Top of DATASET SECTION
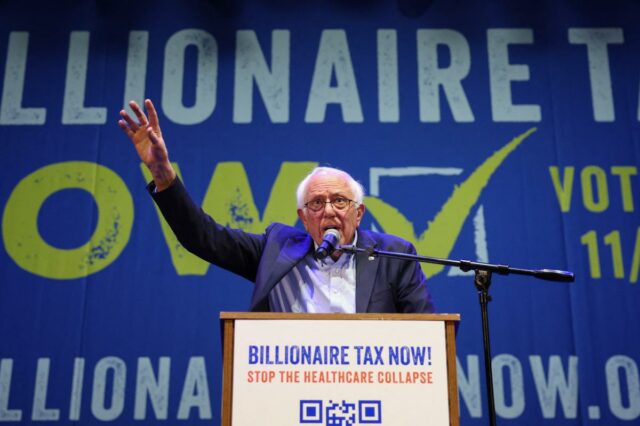 O senador Bernie Sanders fala em um pódio em frente a uma faixa azul que diz 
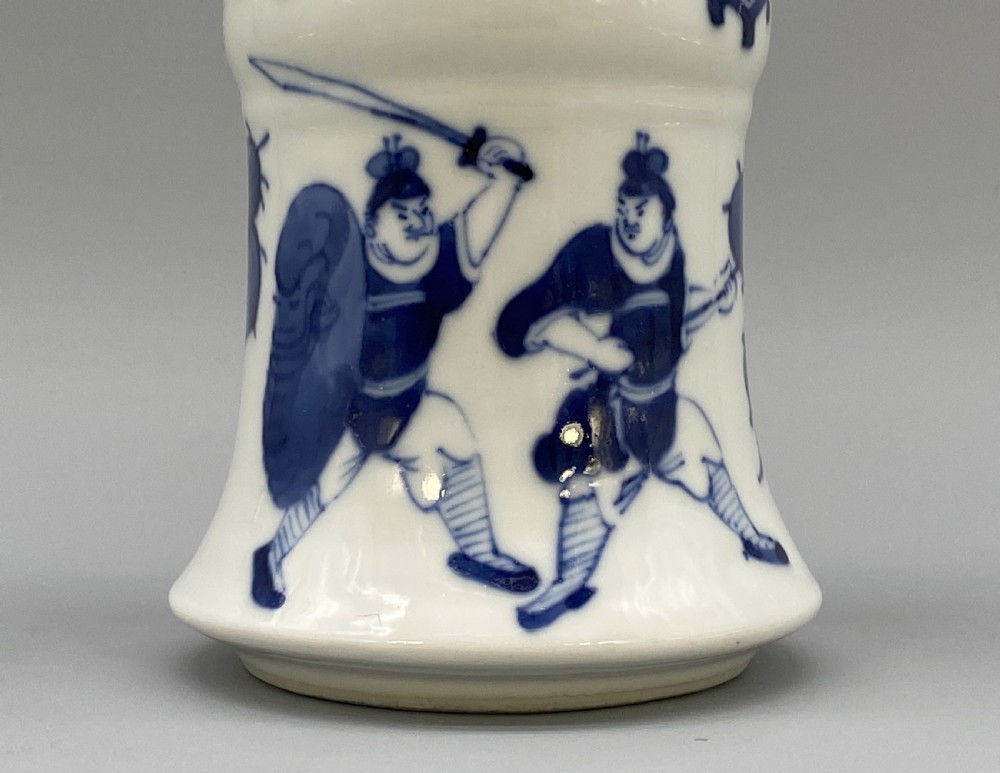 A tall, slender Chinese porcelain beaker vase painted in underglaze cobalt blue featuring equestrian figures and traditional motifs against a smooth white glaze. View X
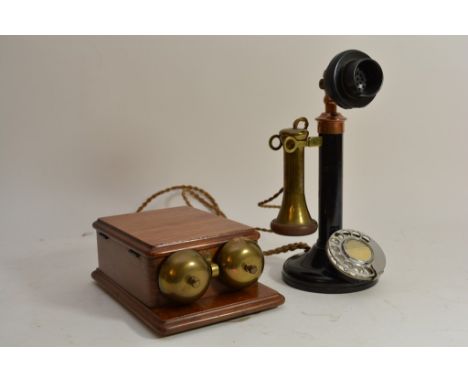 A black stick telephone with wall box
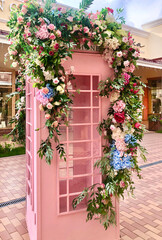 Fototapeta na wymiar A beautiful telephone box stands on the street. Decorated with beautiful flowers roses, hydrangea, greenery. Beautiful decoration of a bouquet of flowers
Bottom of DATASET SECTION
TASK DETAILS: Your copy should hold only the lines from the one containing "A black stick telephone with wall box" through the last line of the listing, both included, retyped exactly and free of pictures.

FINISHED EXERCISE:
 A black stick telephone with wall box
 Fototapeta na wymiar A beautiful telephone box stands on the street. Decorated with beautiful flowers roses, hydrangea, greenery. Beautiful decoration of a bouquet of flowers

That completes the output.